● THE DATA
"""
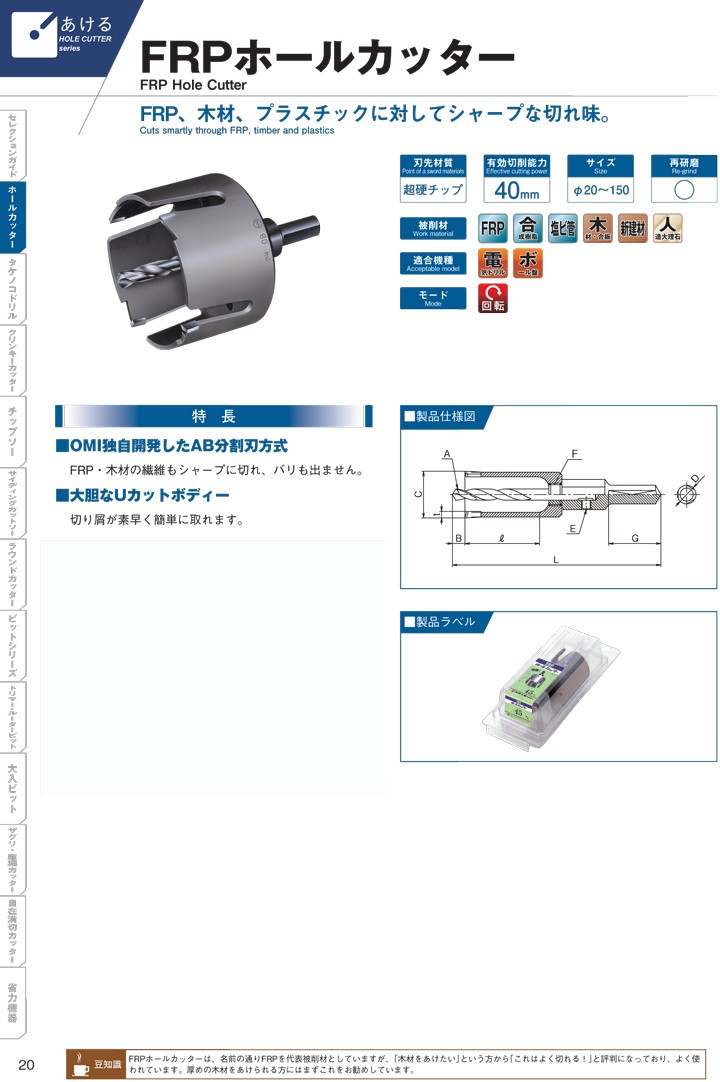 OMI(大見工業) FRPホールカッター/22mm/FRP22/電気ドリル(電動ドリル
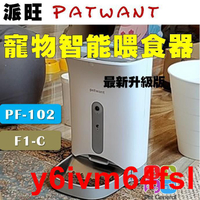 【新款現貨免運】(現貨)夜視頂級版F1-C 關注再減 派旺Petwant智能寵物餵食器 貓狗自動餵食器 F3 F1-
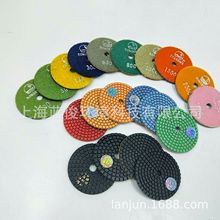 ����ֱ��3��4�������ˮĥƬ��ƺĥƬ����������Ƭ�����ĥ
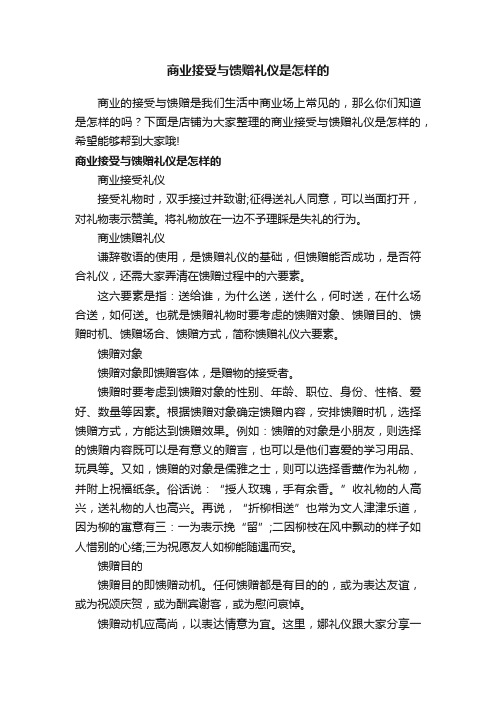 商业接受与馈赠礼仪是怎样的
"""
● WHAT YOU SHOULD DO
Write out the line that contains "關注再減 派旺Petwant智能寵物餵食器 貓狗自動餵食器" and every line after it to the end of the data, exactly as they stand. Omit the pictures.

● RESPONSE TO THIS TASK
 【新款現貨免運】(現貨)夜視頂級版F1-C 關注再減 派旺Petwant智能寵物餵食器 貓狗自動餵食器 F3 F1-
 ����ֱ��3��4�������ˮĥƬ��ƺĥƬ����������Ƭ�����ĥ
 商业接受与馈赠礼仪是怎样的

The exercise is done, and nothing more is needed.